■ **GOAL OF THE EXERCISE**
Every picture stays out; everything else in the listing below is to be returned exactly.

■ **DATA BELOW**

___

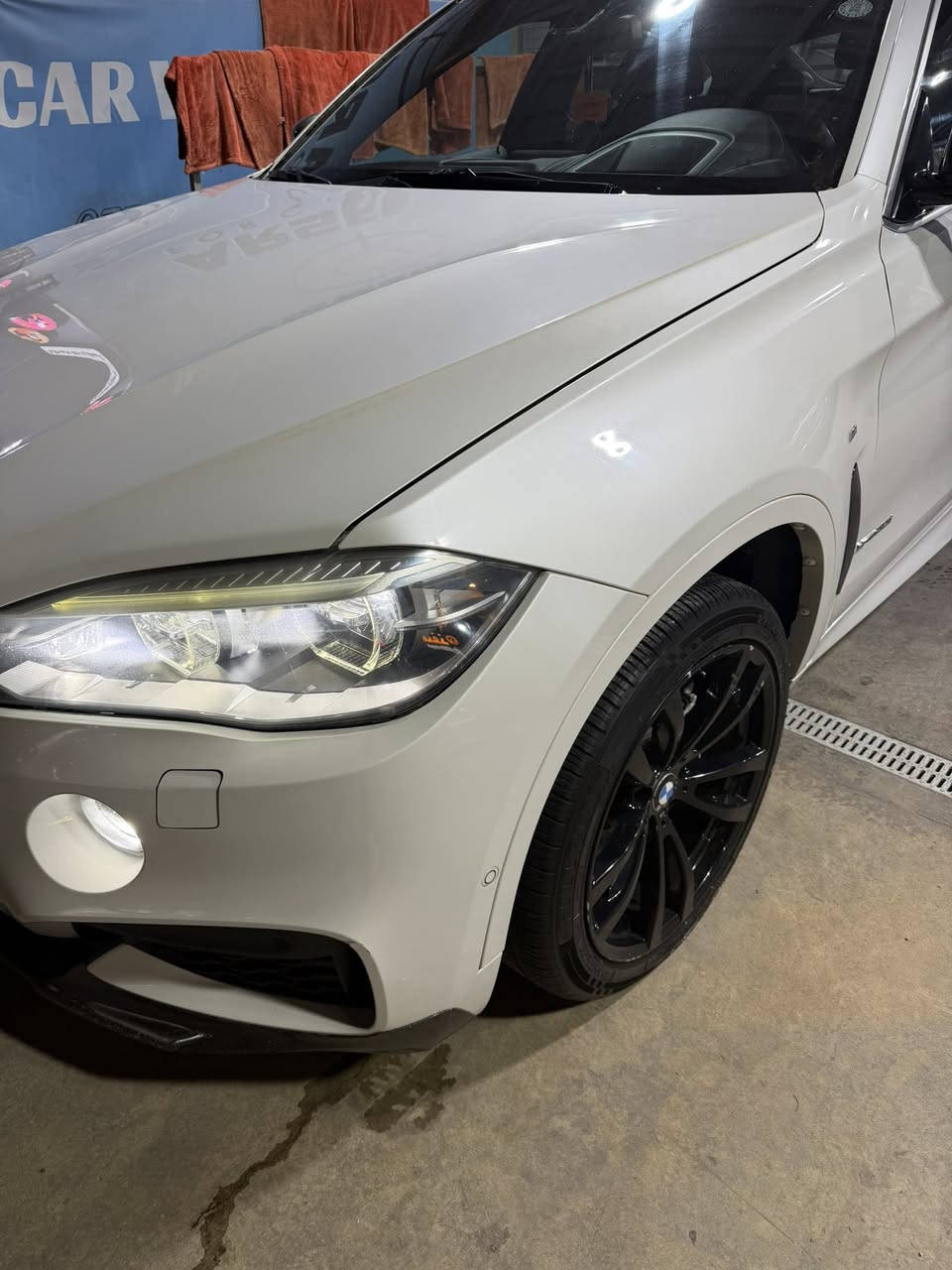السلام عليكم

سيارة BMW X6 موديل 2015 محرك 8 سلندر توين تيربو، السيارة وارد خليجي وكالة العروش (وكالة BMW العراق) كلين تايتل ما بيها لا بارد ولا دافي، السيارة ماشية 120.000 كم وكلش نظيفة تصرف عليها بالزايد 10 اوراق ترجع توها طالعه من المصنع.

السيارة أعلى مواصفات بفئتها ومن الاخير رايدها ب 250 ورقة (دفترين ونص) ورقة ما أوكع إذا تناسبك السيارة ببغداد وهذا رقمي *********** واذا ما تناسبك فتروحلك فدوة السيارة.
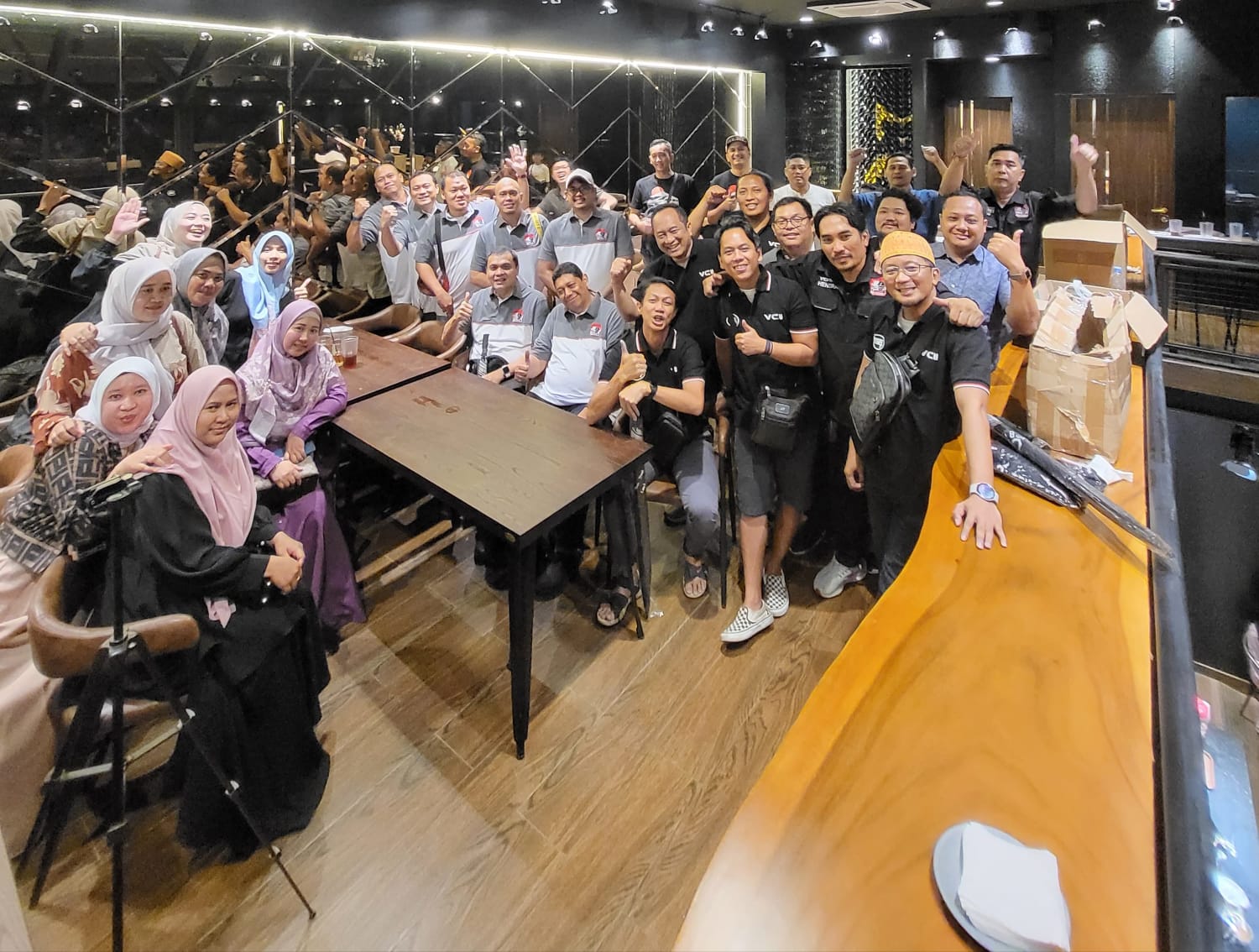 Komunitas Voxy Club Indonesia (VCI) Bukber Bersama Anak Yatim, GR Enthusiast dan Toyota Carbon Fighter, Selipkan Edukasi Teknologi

___

■ **SOLVED PROBLEM**
السلام عليكم

سيارة BMW X6 موديل 2015 محرك 8 سلندر توين تيربو، السيارة وارد خليجي وكالة العروش (وكالة BMW العراق) كلين تايتل ما بيها لا بارد ولا دافي، السيارة ماشية 120.000 كم وكلش نظيفة تصرف عليها بالزايد 10 اوراق ترجع توها طالعه من المصنع.

السيارة أعلى مواصفات بفئتها ومن الاخير رايدها ب 250 ورقة (دفترين ونص) ورقة ما أوكع إذا تناسبك السيارة ببغداد وهذا رقمي *********** واذا ما تناسبك فتروحلك فدوة السيارة.
 Komunitas Voxy Club Indonesia (VCI) Bukber Bersama Anak Yatim, GR Enthusiast dan Toyota Carbon Fighter, Selipkan Edukasi Teknologi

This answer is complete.